India's central bank governor Raghuram Rajan is planning a "dramatic remaking" of banking in Asia's third-largest economy, with an expanded role for foreign groups, more licences for domestic private sector institutions and a push to shake-up state-backed banks in advance of a new era of robust competition.
The recently appointed Reserve Bank of India head this month published new rules liberalising the treatment of foreign banks and is planning to issue the country's first new banking licences in a decade next year, part of far-reaching reforms for financial services sector in India.

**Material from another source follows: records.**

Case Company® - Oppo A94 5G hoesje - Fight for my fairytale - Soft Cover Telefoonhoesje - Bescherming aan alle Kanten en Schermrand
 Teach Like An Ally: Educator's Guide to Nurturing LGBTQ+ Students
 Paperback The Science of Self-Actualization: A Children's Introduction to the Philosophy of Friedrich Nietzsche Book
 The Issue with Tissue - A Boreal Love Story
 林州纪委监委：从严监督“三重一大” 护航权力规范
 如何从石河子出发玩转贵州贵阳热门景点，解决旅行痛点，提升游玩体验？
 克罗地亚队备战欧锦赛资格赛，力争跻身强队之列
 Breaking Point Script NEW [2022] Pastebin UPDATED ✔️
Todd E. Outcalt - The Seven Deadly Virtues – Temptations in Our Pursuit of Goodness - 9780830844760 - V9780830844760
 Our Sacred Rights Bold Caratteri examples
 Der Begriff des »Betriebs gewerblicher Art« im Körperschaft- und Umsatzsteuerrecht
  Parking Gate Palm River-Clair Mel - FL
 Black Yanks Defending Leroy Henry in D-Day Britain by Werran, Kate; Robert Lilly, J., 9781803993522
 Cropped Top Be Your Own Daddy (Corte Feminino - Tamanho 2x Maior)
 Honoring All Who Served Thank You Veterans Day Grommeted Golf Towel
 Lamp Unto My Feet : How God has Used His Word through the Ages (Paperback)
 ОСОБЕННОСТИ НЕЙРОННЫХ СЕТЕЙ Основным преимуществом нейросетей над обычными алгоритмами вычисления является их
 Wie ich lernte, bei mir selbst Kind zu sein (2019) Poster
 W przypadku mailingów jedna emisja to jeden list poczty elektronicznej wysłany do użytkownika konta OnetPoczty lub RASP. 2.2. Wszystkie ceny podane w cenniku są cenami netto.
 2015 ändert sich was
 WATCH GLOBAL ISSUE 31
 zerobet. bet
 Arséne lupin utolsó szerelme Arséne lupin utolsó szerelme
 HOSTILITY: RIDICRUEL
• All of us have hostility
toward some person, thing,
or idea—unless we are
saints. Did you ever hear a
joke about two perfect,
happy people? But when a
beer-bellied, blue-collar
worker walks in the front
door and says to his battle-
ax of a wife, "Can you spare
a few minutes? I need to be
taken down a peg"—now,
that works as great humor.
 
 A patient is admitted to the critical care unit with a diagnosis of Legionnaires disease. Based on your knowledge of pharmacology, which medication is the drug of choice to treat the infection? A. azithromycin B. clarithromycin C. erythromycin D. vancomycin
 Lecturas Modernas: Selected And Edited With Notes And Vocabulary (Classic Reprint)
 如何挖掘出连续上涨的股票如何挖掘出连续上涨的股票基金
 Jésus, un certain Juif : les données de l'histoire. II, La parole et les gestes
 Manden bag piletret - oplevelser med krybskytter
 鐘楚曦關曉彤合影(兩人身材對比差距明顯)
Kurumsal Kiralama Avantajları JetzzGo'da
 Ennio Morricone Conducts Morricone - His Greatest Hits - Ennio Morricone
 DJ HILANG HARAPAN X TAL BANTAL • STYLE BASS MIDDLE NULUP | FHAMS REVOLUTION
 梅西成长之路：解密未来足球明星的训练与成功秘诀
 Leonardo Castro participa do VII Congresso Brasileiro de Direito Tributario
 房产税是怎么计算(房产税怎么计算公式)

"I see over the next few years a dramatic remaking of the banking landscape," he told the Financial Times. "Both from the . . . new banks which are going to come on board, and the foreign banks which are going to be allowed to expand more freely. It will be a multiplier in terms of competition."
International outfits such as Standard Chartered and HSBC account for only about 6 per cent of assets, but Mr Rajan says the RBI's new rules provide a "huge" opportunity to grow by expanding into areas such as trade finance, and even to "take over Indian banks at some point".
The RBI also plans to grant more regular licences for a broader range of financial institutions, providing what Mr Rajan describes as a "substantial change" to bank structures.
"We could have wholesale banks, we could have mobile [phone] companies doing some banking activities, within certain constraints. We could have small banks, which we currently don't allow, and we could allow co-operative banks," said Mr Rajan.
The measures are part of what could become one of the most far-reaching attempts to free India's banks from the morass of state controls introduced after then prime minister Indira Gandhi nationalised many private banks in the late 1960s.
Over the past two decades the banking sector has been opened gradually to competition, with around a fifth of the country's Rs96trn ($1.5trn) in bank assets last year being controlled by Indian private sector institutions.
The tabular content relating to this article is not available to view. Apologies in advance for the inconvenience caused.>The RBI's newly liberal approach is conditional on international banks setting up separately capitalised local subsidiaries, with the regulator in return promising to lift restrictions on their expansion, including previous strict limits on opening new retail branches.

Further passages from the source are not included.